The average body weights of the males and females were 354.0±16.3 and 214.9±8.2 g, respectively; males were significantly heavier than females (t [38]=33.98, p=0.001). The average bleeding volumes were 1.48±0.68 mL (males) and 1.11±0.70 mL (females) (no significant difference: t [38]=1.70, p=0.10) (Table 1). The respective average bleeding durations were 2.7±1.0 minutes (males) and 2.2±0.6 minutes (females) (no significant difference: t [38]=1.95, p=0.06) (Table 1). The two-way ANOVA was conducted to analyzed the interaction between treatment group and sex on bleeding duration and bleeding volume and found that there were no significant difference among the treatment groups: F [3, 32]=0.89, p=0.46 and F [3, 32]=0.67, p=0.58, respectively (Table 2).
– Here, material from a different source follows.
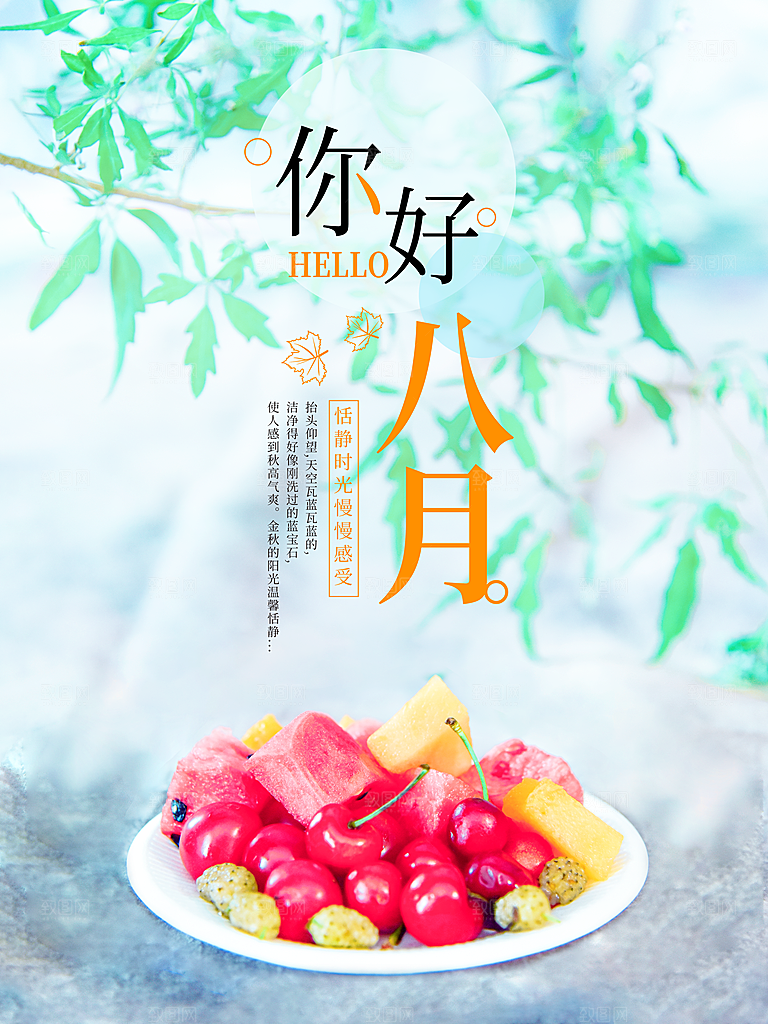 你好八月宣传海报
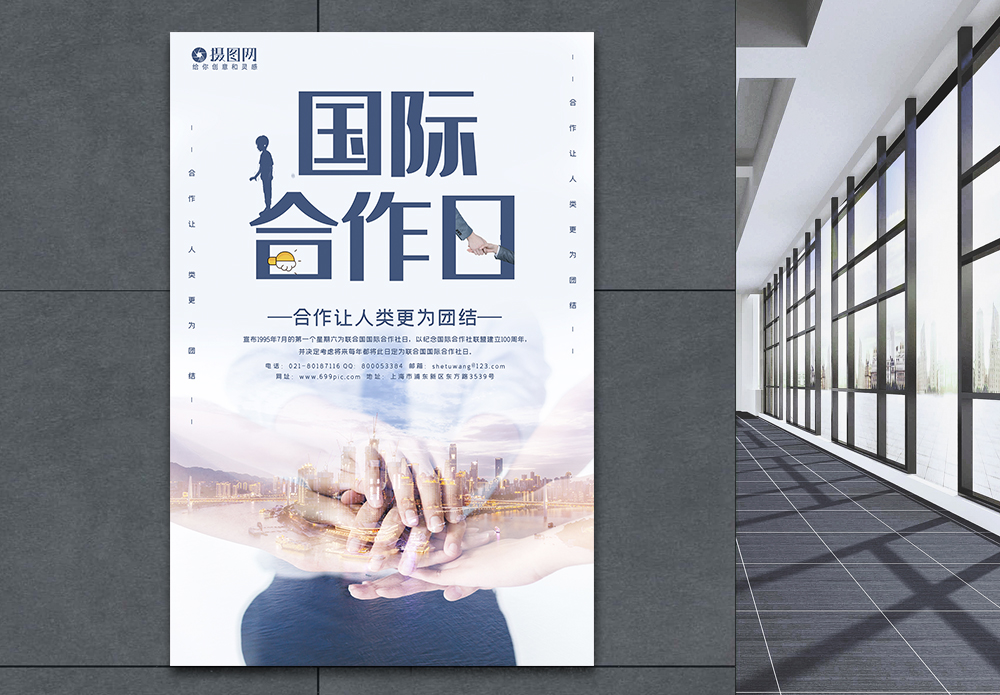全球经济市场国际合作日宣传海报模板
The average bleeding volumes after use of each of the four hemostatic materials were compared and significant differences were found (F [3, 36]=6.26, p=0.002). Post hoc comparisons between pairs of treatments, using independent t-test with Bonferroni correction, showed that the groups treated with cellulose membrane, absorbable gelatin sponge, and chitosan pad had lower bleeding volumes than the control group (t [18]=3.28, p=0.004; t [18]=3.17, p=0.005; and t (18)=3.83, p=0.001, respectively) (Table 3, Fig. 1).
According to ANOVA, there were significant differences in average bleeding time among the treatment groups (F [3, 36]=7.71, p=0.0001). Between the pairs of treatment, chitosan had significantly less bleeding time than the control (t [18]=3.43, p=0.002) (Table 3, Fig. 2). However, there were no statistically significant differences among the cellulose, gelatin, and control groups (Table 3, Fig. 2). Post hoc power analyses of the study were 0.94 for bleeding volume and 0.97 for bleeding time.
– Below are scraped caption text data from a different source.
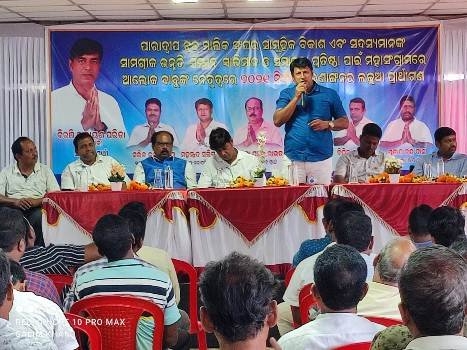 ପାରାଦୀପ ଟ୍ରକ ମାଲିକ ସଂଘର ନିର୍ବାଚନୀ ବୈଠକ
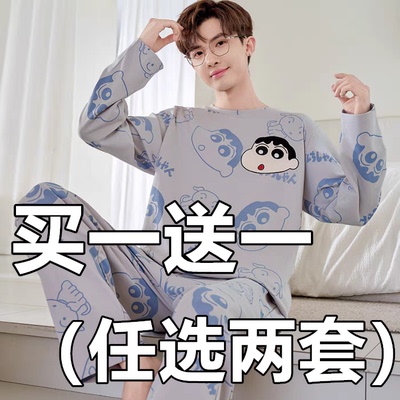 蜡笔小新纯棉男款睡衣长袖春秋季款学生大童青少年男士大码家居服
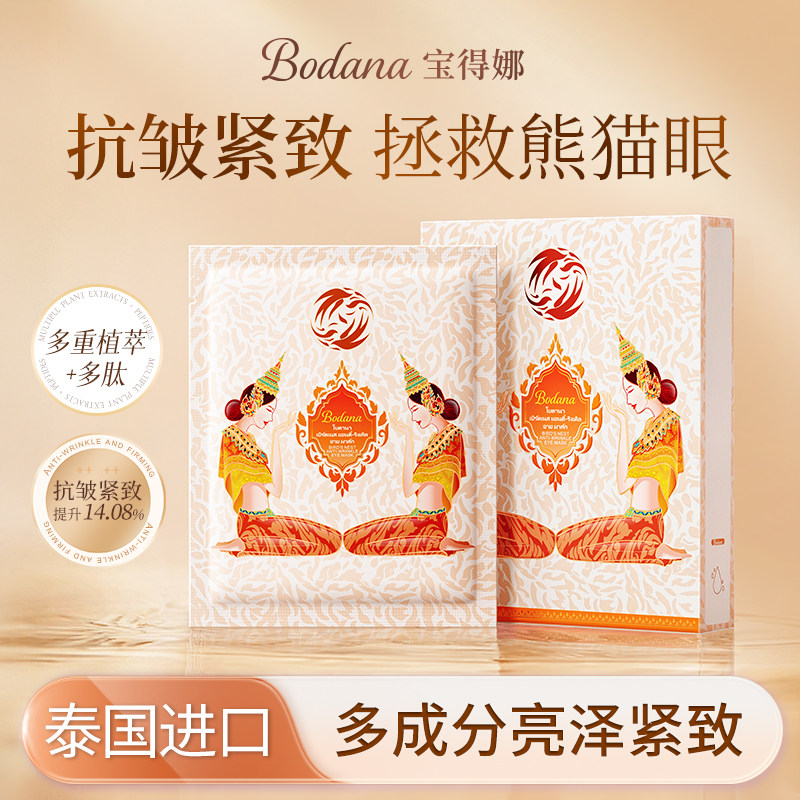 【淡化眼纹】燕窝眼膜贴图片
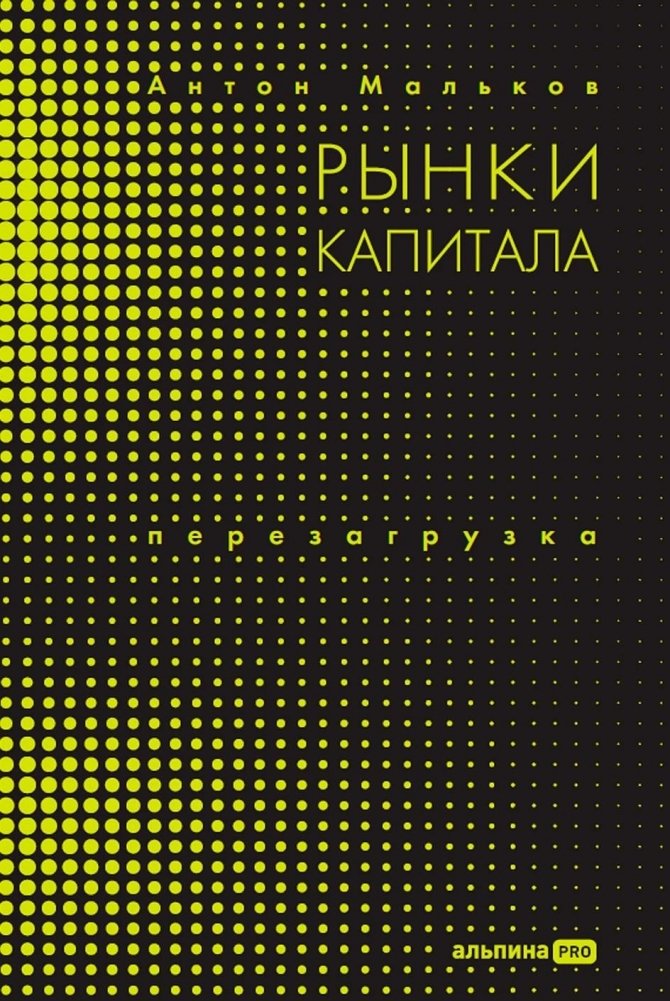 Рынки капитала. Перезагрузка | Capital Markets. Reboot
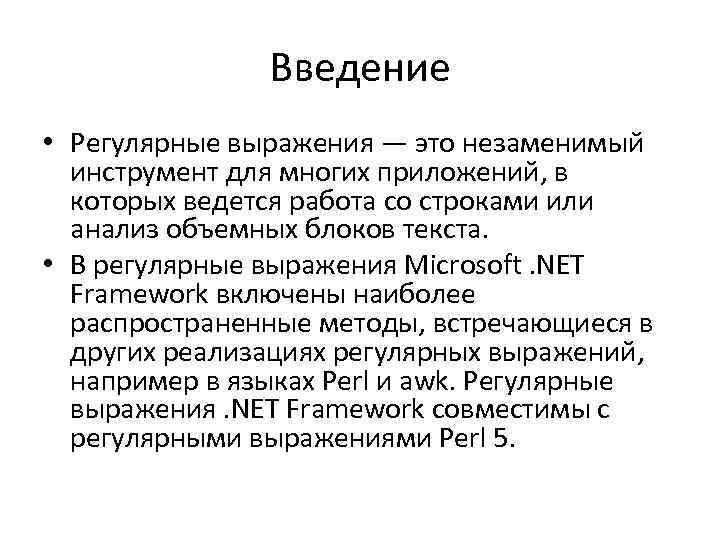 Введение • Регулярные выражения — это незаменимый инструмент для многих приложений, в которых ведется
The hemostatic materials cellulose membrane, absorbable gelatin sponge, and chitosan pad staunch peridural bleeding better than gauze (or the conventional method). Cellulose membrane and gelatin sponge are absorbents. Oxidized regenerated cellulose membrane is a homopolysaccharide, comprising glucopyranose polymerized through β-glucosidic bonds [4]. Its acidity arises from a carboxyl group, which provides a primary local bactericidal hemostyptic action. Secondary platelet activation results in a platelet plug [5] via physical scaffolding [6].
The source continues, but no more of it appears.